Pour permettre à la région de se positionner comme figure de proue de ce sport, le plan voile est en action depuis 2018, pour aider à l’achat et au renouvellement de matériel, à la modernisation des clubs et au développement de cette pratique. Depuis, les effets s’en font sentir.
En 2023 la Ligue Sud a enregistré 12568 licences compétition, 3 609 licences jeune, 31 004 passeports voile régionalistes, sans compter les milliers de licences temporaires, devenant la première région française en termes de licenciés.
« Le plan voile a permis, au-delà des subventions, un coup de projecteur et une notoriété pour nos clubs encore jamais égalés, se réjouit Claude Le Bacquer, président de la Ligue Sud. Nous avons de plus en plus de licenciés, c’est une croissance unique par rapport aux autres ligues françaises. »
Parmi les missions de la Ligue, on peut citer la construction du calendrier sportif régional, qui représente cette année 740 régates, hors Jeux Olympiques, allant de compétitions départementales aux Championnats du monde. La Ligue se charge de trouver les clubs et les financements, s’assure du bon déroulé des événements, de l’inscription des participants jusqu’à l’intégration de leurs résultats au classement des athlètes.
« Aujourd’hui, 56% des athlètes sur les podiums viennent de la Ligue Sud, se félicite Claude Le Bacquer. Nous avons des marins sur toutes les embarcations, même les plus saugrenues, mais nous avons surtout des champions en voile légère. »
Ces jeunes champions, la Ligue Sud va les chercher en faisant en sorte de rendre la voile accessible à tous, dès le plus jeune âge avec des cours adaptés aux petits et aux scolaires, mais aussi aux personnes en situation de handicap. Ainsi depuis quelques années, la ligue recense dans un annuaire mis à jour régulièrement, la quinzaine de clubs équipés de systèmes de mise à l’eau et de bateaux adaptés, qui permettent au plus grand nombre de pratiquer la voile et de participer aux régates.

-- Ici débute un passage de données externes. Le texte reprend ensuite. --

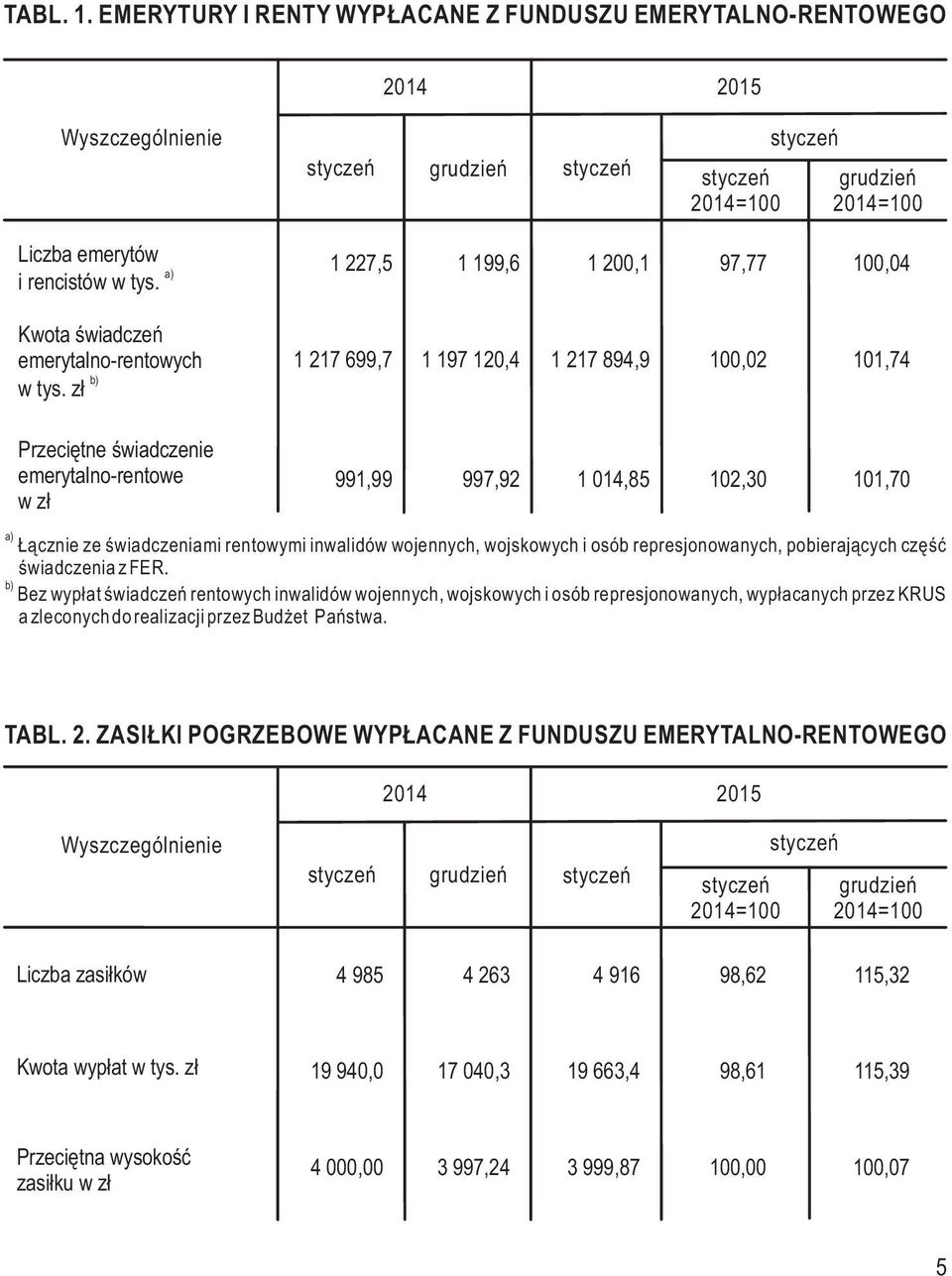 świadczeniami rentowymi inwalidów wojennych, wojskowych i osób represjonowanych, pobierających część świadczenia z FER.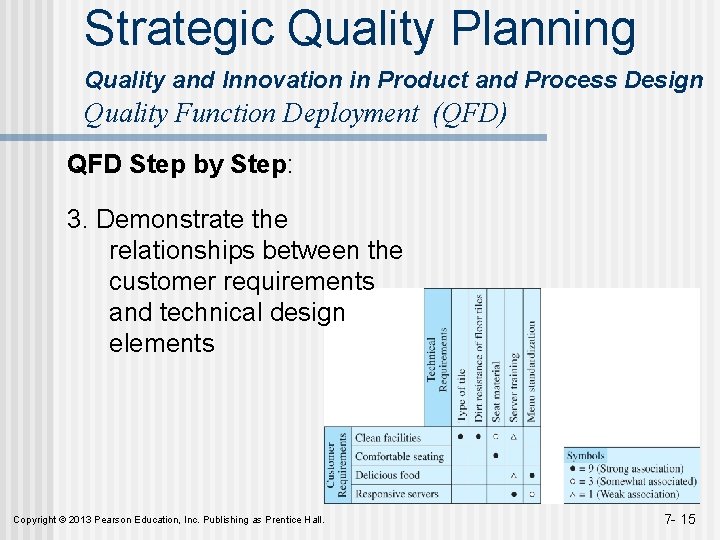 Strategic Quality Planning Quality and Innovation in Product and Process Design Quality Function Deployment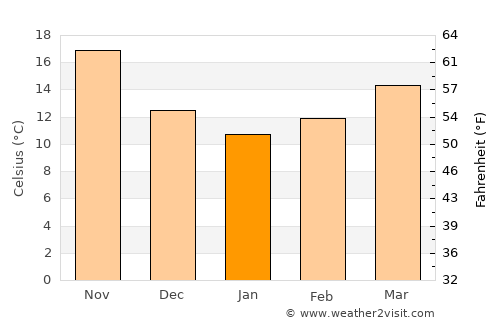 Arad average temperature in January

Dès l’annonce de la tenue de Jeux Olympiques sur son territoire, la Région Sud a déployé un Plan Voile qui représente aujourd’hui un budget de 32 millions d’euros, en 4 angles d’action :
- le volet sportif : soutien à l’achat d’équipement pour les clubs, participation aux travaux de la Marina Olympique, accès au sport de haut niveau, soutien aux manifestations sportives, conventionnement pluriannuel avec la Ligue régionale de voile ou le développement de la pratique auprès des jeunes, etc,
- le volet mer : modernisation des bases nautiques et soutien à l’investissement des clubs, etc,
- le volet tourisme : dans le cadre du développement d’un plan d’actions de la filière touristique nautisme et plongée,
- le volet formation : développement de dispositifs de formation visant la promotion des métiers de la mer et du nautisme, et professionnalisation des acteurs de la filière, notamment les gestionnaires de bases nautiques.
Bienvenue au pays des jeux ! En Région Sud, les épreuves de foot et de voile vont faire vibrer le territoire !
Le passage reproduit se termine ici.